■ What you will do: Your task is to return exactly the lines that run from the one containing "Young girl with" through the end of the listing below, without any pictures.

[Opening Records for the task section]

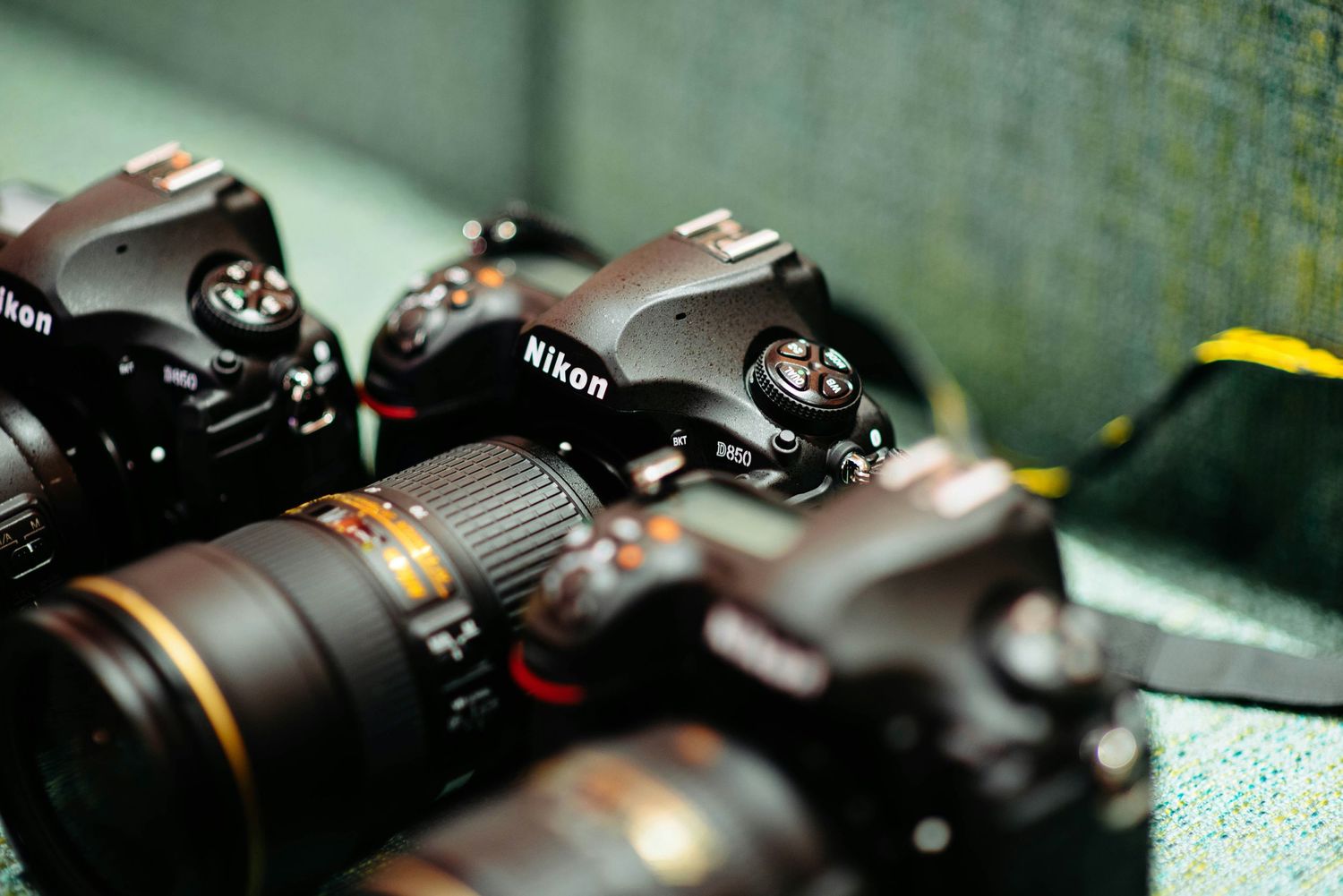a close up image of a Nikon D850 camera on a shelf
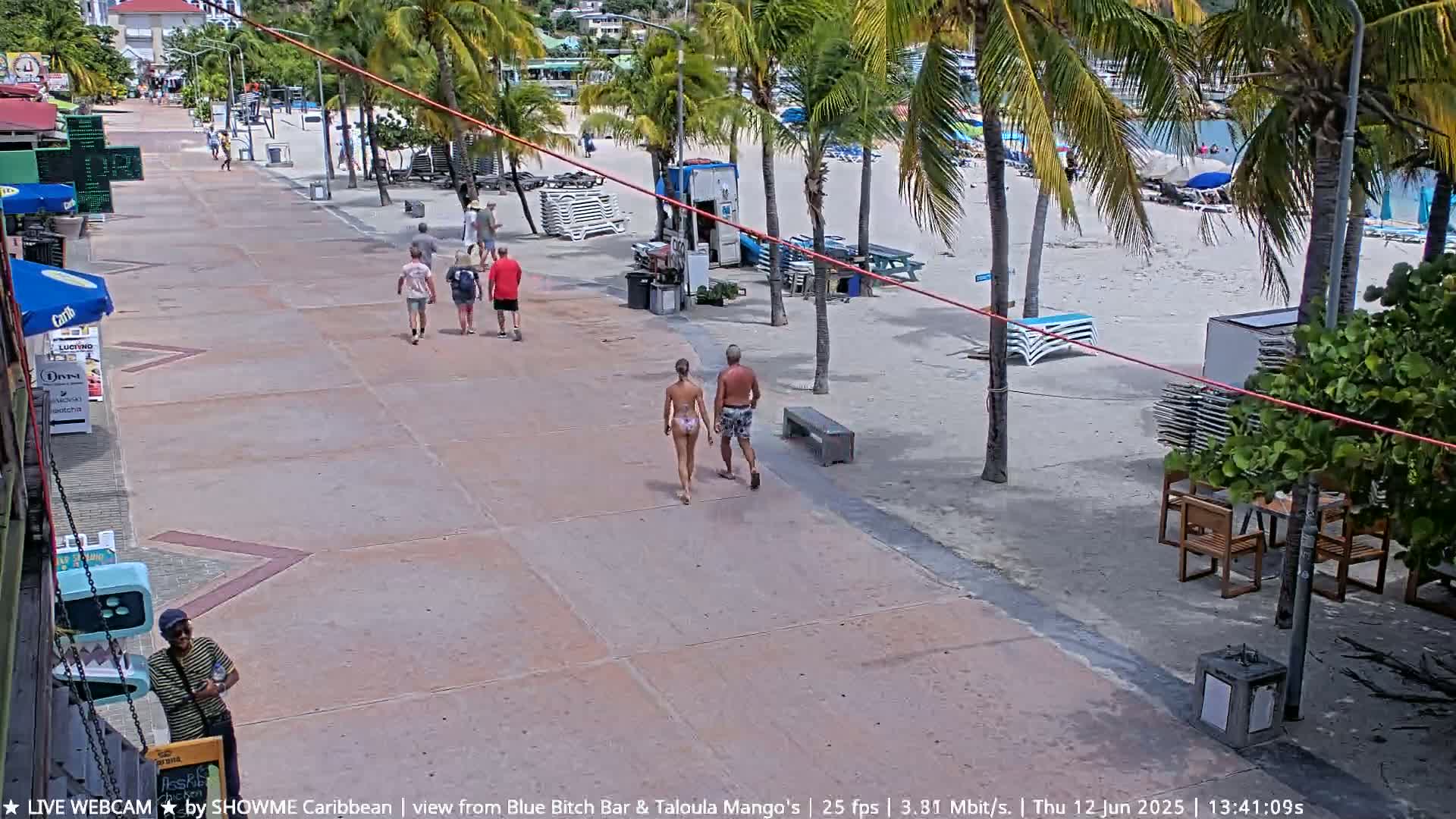 A paved walkway alongside a sandy beach lined with palm trees and beach chairs, with several people walking in different directions under a sunny sky.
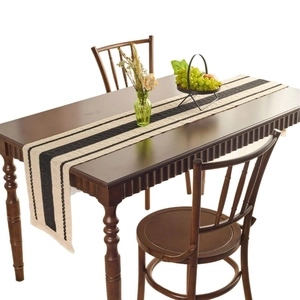 Modern minimalist black and white striped table runner with fringed edges on wooden table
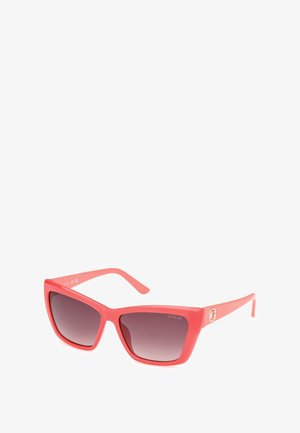 Roze plastic zonnebril met een geometrische cat-eye vorm, gradient getinte lenzen en een gouden logo accent op de poot.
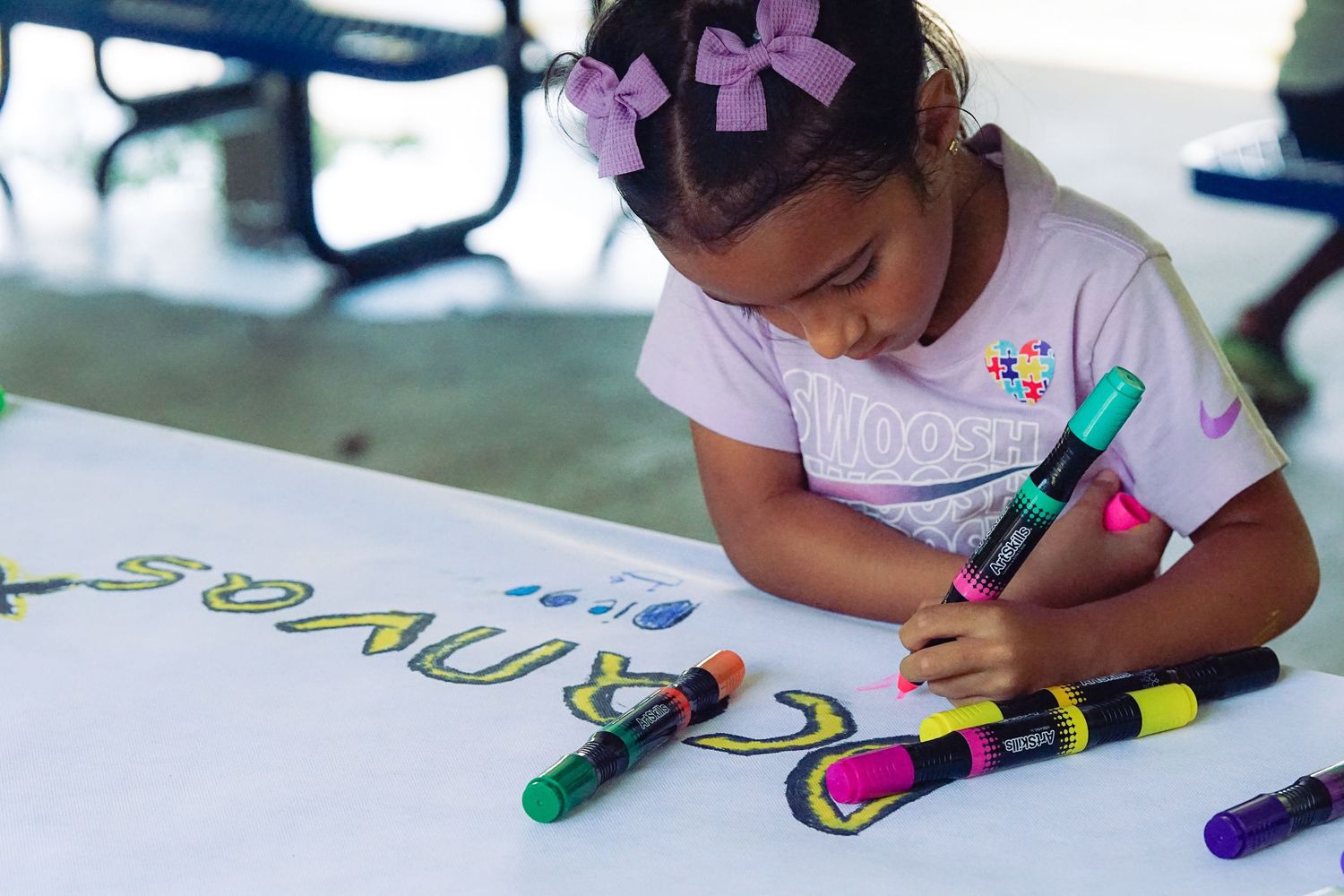 Young girl with pink bows colors on large paper banner with bright markers at outdoor event.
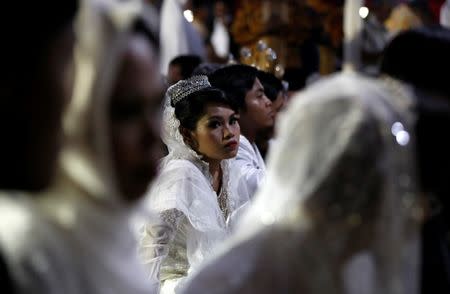 Couples take part in a mass wedding organised by the city government as part of New Year's Eve celebrations in Jakarta, Indonesia, December 31, 2017. REUTERS/Darren Whiteside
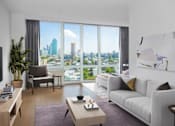 Thumbnail 4 of 15 - A modern living room with a view of the cityscape outside the large window at The Maximilian Apartments, Long Island City, NY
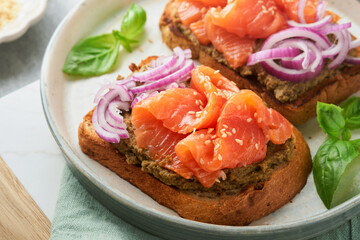 Sandwiches with salted salmon, avocado guacamole, red onions and basil. Smorrebrod. Set of danish open sandwiches. Healthy food, breakfast. Clean eating, dieting, vegan food concept. Top view.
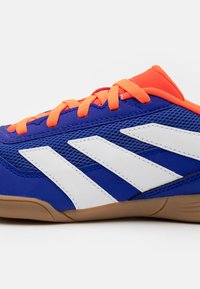Blue athletic shoe featuring lightweight mesh upper, orange laces, and white stripes. Cushioned sole with a tan rubber outsole.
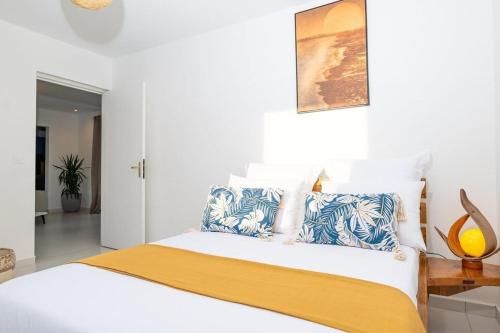 a bedroom with a bed with blue and white pillows at L' É'sens Karaïbes in Les Abymes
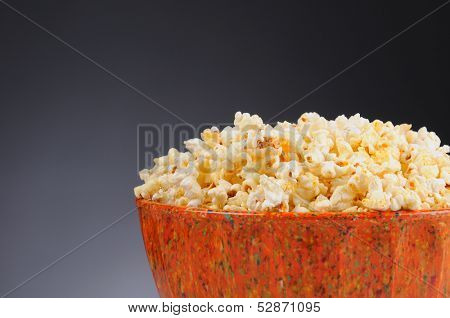 Closeup of a Bowl Full of Popcorn on a light to dark gray background. Horizontal format with copy space.
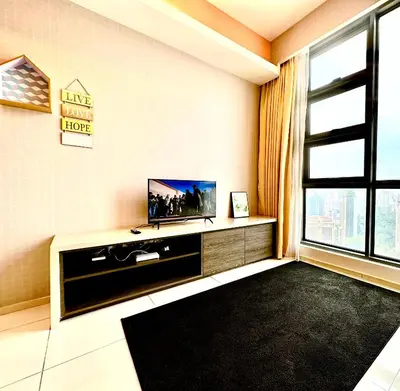a living room with a tv and a large window at The Robertson 2B at Bukit Bintang with Netflix,trx,klcc,pavilion,lalaport in Kuala Lumpur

[Closing Records for the task section]

■ Answer below:
 Young girl with pink bows colors on large paper banner with bright markers at outdoor event.
 Couples take part in a mass wedding organised by the city government as part of New Year's Eve celebrations in Jakarta, Indonesia, December 31, 2017. REUTERS/Darren Whiteside
 Thumbnail 4 of 15 - A modern living room with a view of the cityscape outside the large window at The Maximilian Apartments, Long Island City, NY
 Sandwiches with salted salmon, avocado guacamole, red onions and basil. Smorrebrod. Set of danish open sandwiches. Healthy food, breakfast. Clean eating, dieting, vegan food concept. Top view.
Blue athletic shoe featuring lightweight mesh upper, orange laces, and white stripes. Cushioned sole with a tan rubber outsole.
 a bedroom with a bed with blue and white pillows at L' É'sens Karaïbes in Les Abymes
 Closeup of a Bowl Full of Popcorn on a light to dark gray background. Horizontal format with copy space.
a living room with a tv and a large window at The Robertson 2B at Bukit Bintang with Netflix,trx,klcc,pavilion,lalaport in Kuala Lumpur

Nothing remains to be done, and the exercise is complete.